Hacienda near the OK RV Park on Spanish Trail Road.

Another hacienda on Spanish Trail Road.

This gate entrance is to a hacienda at the base of the mountains east of Moab.

Wednesday, August 20, 2014

Sunset to Moab

We left Sunset, Utah yesterday morning in the rain heading for Moab. It was steady rain and moderate traffic south on I-15 through Salt Lake City, American Fork, Orem, Provo and into Spanish Fork. At Spanish Fork we went east on US 6 through the Wasatch Mountains. The rain eased up some during this stretch of the journey, but it was overcast all day. US 6 goes east and south on winding roads with slow climbs and fast descents. Then we went through Price on the way to I-70 where we turned east passed Green River and on for about 50 miles, then south on US 191 past Canyonlands and Arches National Parks and on to Moab.
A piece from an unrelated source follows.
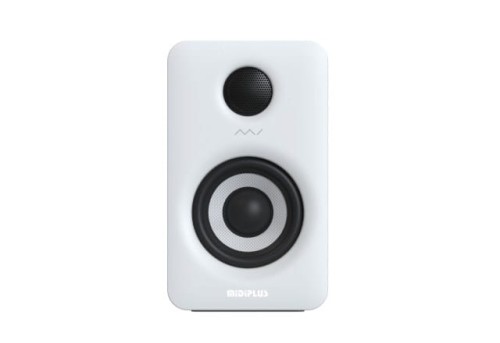 MIDIPLUS Mi3 v2 White - Monitory odsłuchowe - 2327666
Kathi did manage to take a few pictures trough the windshield as we drove through the mountains, though it was overcast all day. Even in this weather the colors were special to see. In the Wasatch Mountains we saw mostly yellow and tan rock with a lot of dark green trees. The further south we went the rock colors showed more oranges and into reds and deep brown and less vegetation. Then as you approach Moab you see bright reds and lime greens on the mountains along the road.


Another mountain pass

See the railroad tunnels just above Kathi's rear view mirror.

Through a mountain pass

I love pictures of the long road ahead.

My view as I sit at my computer writing this blog entry.

It was another great drive that Kathi and I enjoyed. How can you not love the mountains? We saw many empty spaces available in all of the RV parks in Moab. I guess this is not the place to be in August. After we parked we had a hard rain for about an hour that washed the road film and grime off our motorhome. Left over roast and mashed potatoes for dinner ended another fun RV travel day.


Monday, August 18, 2014

Snow Basin

All repairs have been completed for our motorhome, so Kathi and I will be leaving tomorrow for Moab, Utah.
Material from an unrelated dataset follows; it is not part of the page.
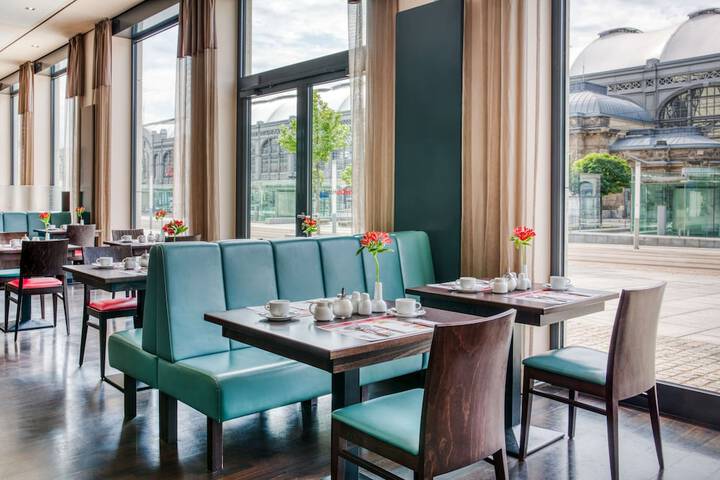 Restaurants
Today I will discuss another ski resort in the area. Kathi and I visited Snow Basin in April 2011. Snow basin in about 30 miles north of Salt Lake City and 10 miles east of Ogden. We had an opportunity to talk to one of the security personnel who gave us a rundown on the ski trails and resort amenities.  The resort was closed at the time, except for beginner ski training.

Snow basin features Mount Ogden with towers above 9,000 feet in elevation. This resort hosted the 2002 Winter Olympics and Para-Olympics. Lodging needs are met via a partnership with Lakeside Resort Properties located a few minutes drive down the mountain.
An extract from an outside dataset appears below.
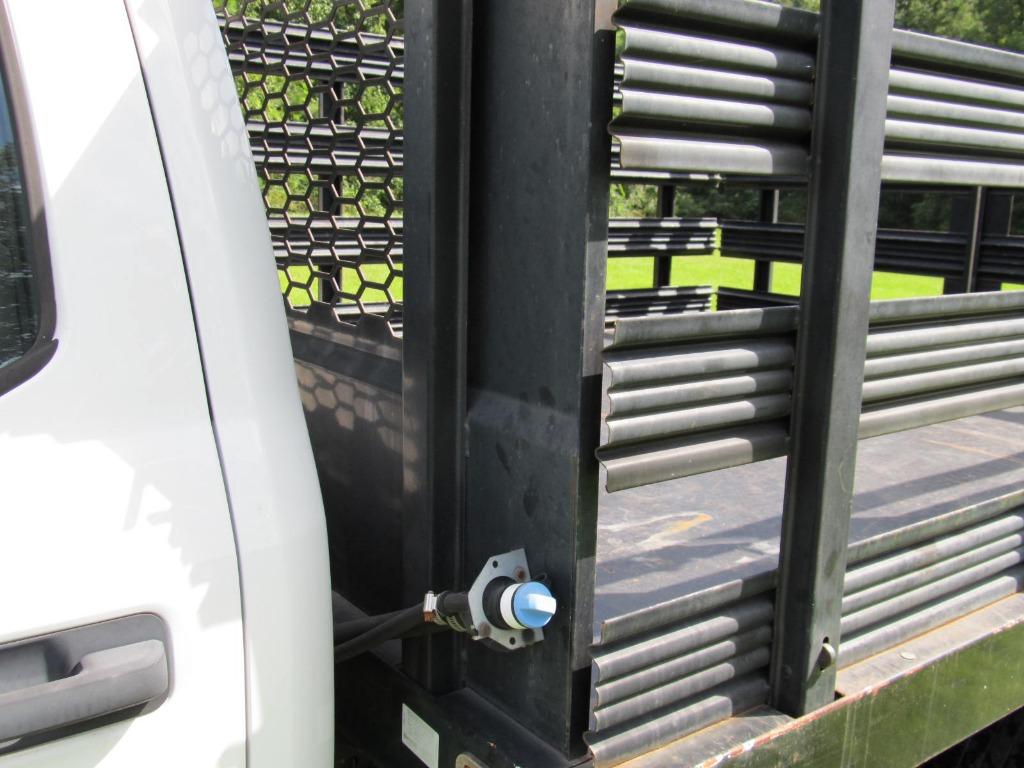 2017 Ford F350sd XL - 11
Amenities include three world class lodges, Needles Lodge, John Paul Lodge and Earl's Lodge. Earl's was erected just before the 2002 Olympics. Gondolas include Strawberry Express, Middle Bowl, Needles Express and John Paul Express.

Gondola for Needles which share the building with the John Paul

Easter brunch sign with a look at the inside of the lodge.

One of the lodge building at the base of the mountain.

View of Resort buildings at parking lot level.


Wildflower Meadow
Summer fare offers gondola rides, guided tours, bicycle trails and hiking trails. They also hold several wedding per year in the resort.